Кармен была дебелая и горделивая, словно Родина-мать, зато Дон Хуан оказался субтильным и суетливым, тем более что и воткнули его чуть ли не между столиками уличного кафе, где я никак не мог разжевать полированные рубиновые кубики испанского окорока – хамон иберико .

В Севилье я впервые задумался, кто бы одолел в этой битве титанов -

Дон Жуан или Кармен? Судя по нам, Карменсита будет покруче…

Арлезианцы и арлезианки были явно не дураки: сжили со свету одного безумца и этим обеспечили приток капитала на века вперед. Но арлезианских слабоумных мы взяли в наш альянс безо всякой дискриминации: сын за отца не отвечает. А наше авиньонское пленение состоялось ночью – при высокой и ясной луне эта средневековая неотесанность дышала такой силой и высокой правдой… А потом на середину площади вышел кряжистый еврей с мерцающим серебром в бороде

– и запел что-то столь же неотесанное и неподдельное, и теплая ночь обдала меня ледяными мурашками, ибо этот одинокий человеческий голос был нисколько не меньше неприступных каменных бастионов. Из городка

Экс-ан-Прованс, где затянутые в камуфляж платаны обеспечивали церемониал встречи, гора Сент-Виктуар тоже смотрелась бы дура дурой, если бы не Сезанн. Весь наш мир был бы никто , если бы его было некому воспеть!

Мы блаженствовали меж дружелюбным рокотом Средиземного моря и зеркальной гладью соленых болот Камарга, где гордо выступали стада розовых фламинго. А меж нами свежо и остро пахли морем на блюде устрицы во льду.

– Ну миленький, ну пожалуйста, не сбривай бороду, ты в ней красивый, как Бен Ладен, – умоляло меня мое дитя, а я благодушно ворчал: она меня старит, столько седины, умываться противно – воды не чувствуешь…

На бедре завибрировала персональная бормашинка. Не смотри, взмолилось мгновенье,- разве я не прекрасно?.. Не вытерпел он и глянул, и вся мерзость и ужас мира вновь обрушились на меня. Это была Гришка. Еще можно было не подключаться, но если она так долго молчала…

– Я слушаю, – произнес я официально, но в голосе ее звучало такое отчаяние, что в мире остались лишь слова: мне плохо, боюсь, не выдержу…
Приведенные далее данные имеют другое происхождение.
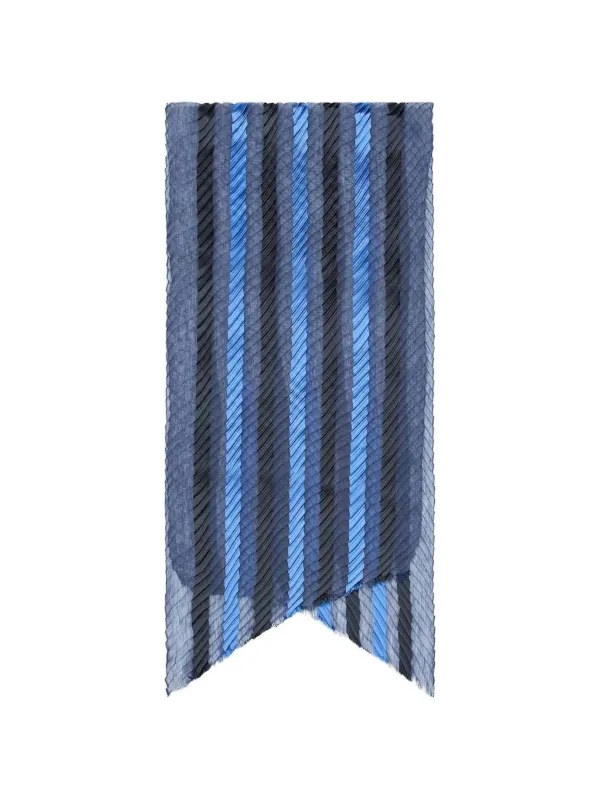 Giorgio Armani Striped Pleated Scarf in Blue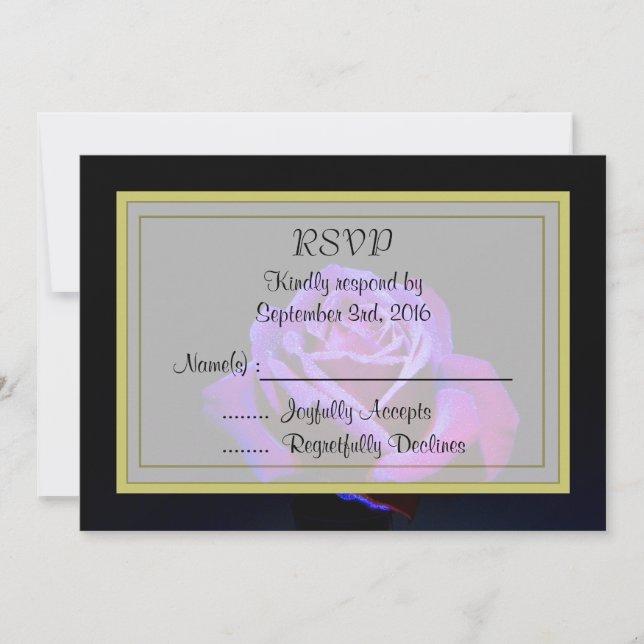 Invitación Rosa morado en negro RSVP (Anverso)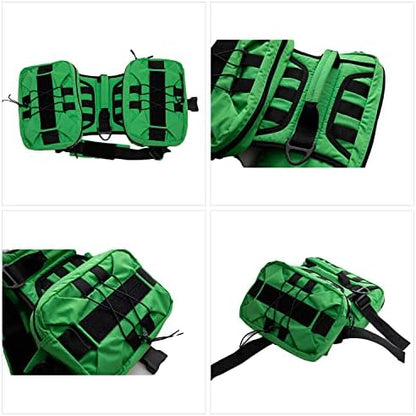 Lovelonglong Medium Large Dog Backpack, Outdoor Hound Saddle Bag with Side Pockets, Adjustable Tactical Pack for Hiking Travel Camping Training Green M - Image 3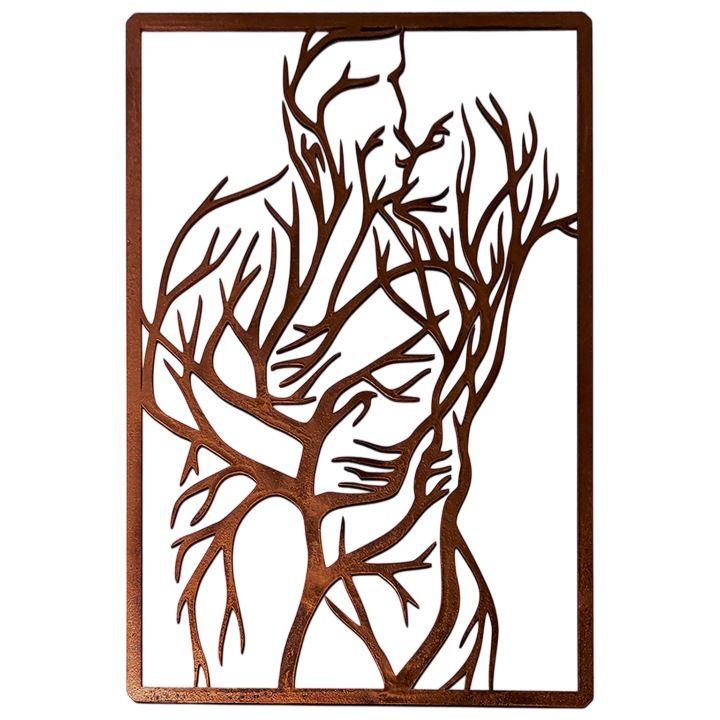 Tablou decorativ din lemn pentru perete, cuplu indragostit model ramuri, design artistic natural, decor romantic pentru living si dormitor, stil modern, cadou pentru cupluri, Valentine’s Day, aniversare, decor interior elegant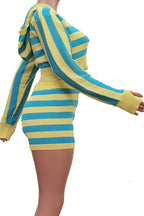 Striped Knit Hoodie Shorts Set Lavish Daily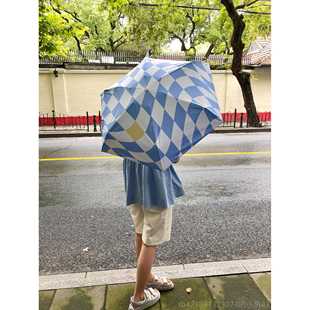 伞银胶五折迷晴你伞 防晒雨 高档BLE格Uet ROSE原创棋盘夏季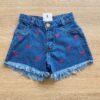 Short Infantil Feminino Jeans com Detalhe Bordado de Coração Pink Fernanda Ramos Kids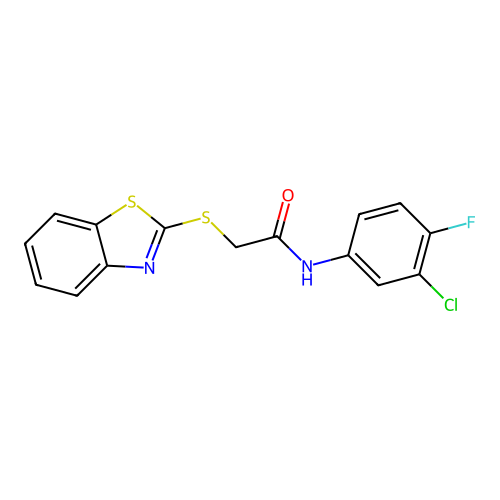 2-(1,3-benzothiazol-2-ylsulfanyl)-N-(3-chloro-4-fluorophenyl)acetamide structure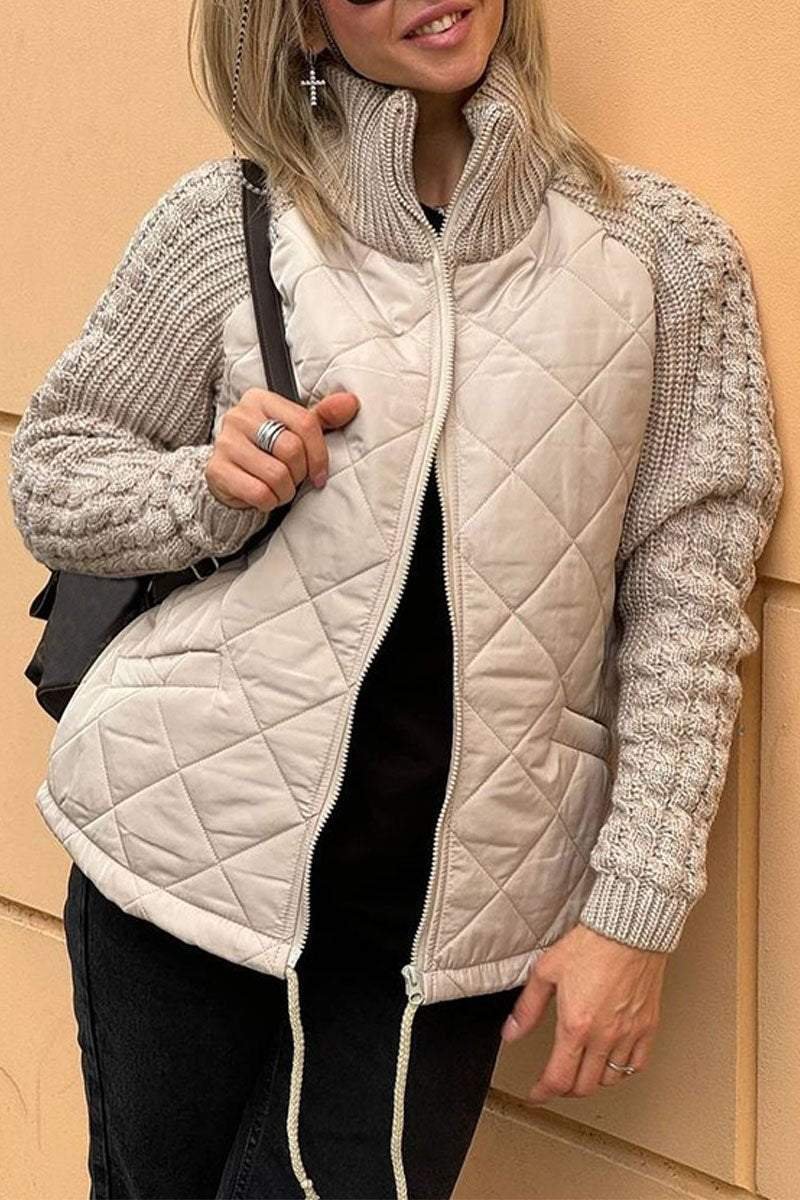 Mock Neck Loose Plain Casual Padded Jacket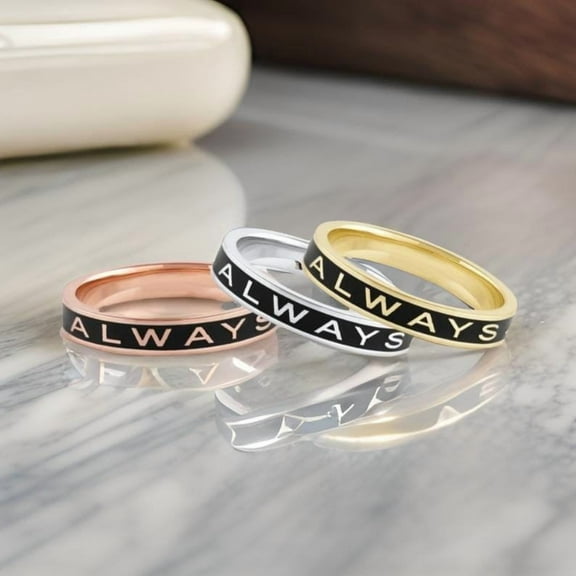 Always Stacking Ring, 4mm Black Enamel Band Ring, Wedding Band Ring, Always Promise Ring, Gift For Her, Anniversary Gift, 925 Silver Ring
– Да, да, я понимаю, а как сон? – я старался перед Гришкой предстать заботливым другом, а перед Женей – озабоченным психотерапевтом.

– Не сплю не знаю какую ночь… Чуть задремлю, сразу как по голове: завтра проснусь, а тебя нет… И сразу такой ужас…

– Для отчаяния нет ну совершенно никакого повода, – внушал я, стараясь, чтобы интонация была интимная, а слова – общего пользования.

Я уже жалел, что не отошел в сторонку, но это бы резко усилило подозрения: опять я шушукаюсь за ее спиной. Она и сейчас не сводила с меня замерших, округлившихся глаз. И тут раздался крик петуха.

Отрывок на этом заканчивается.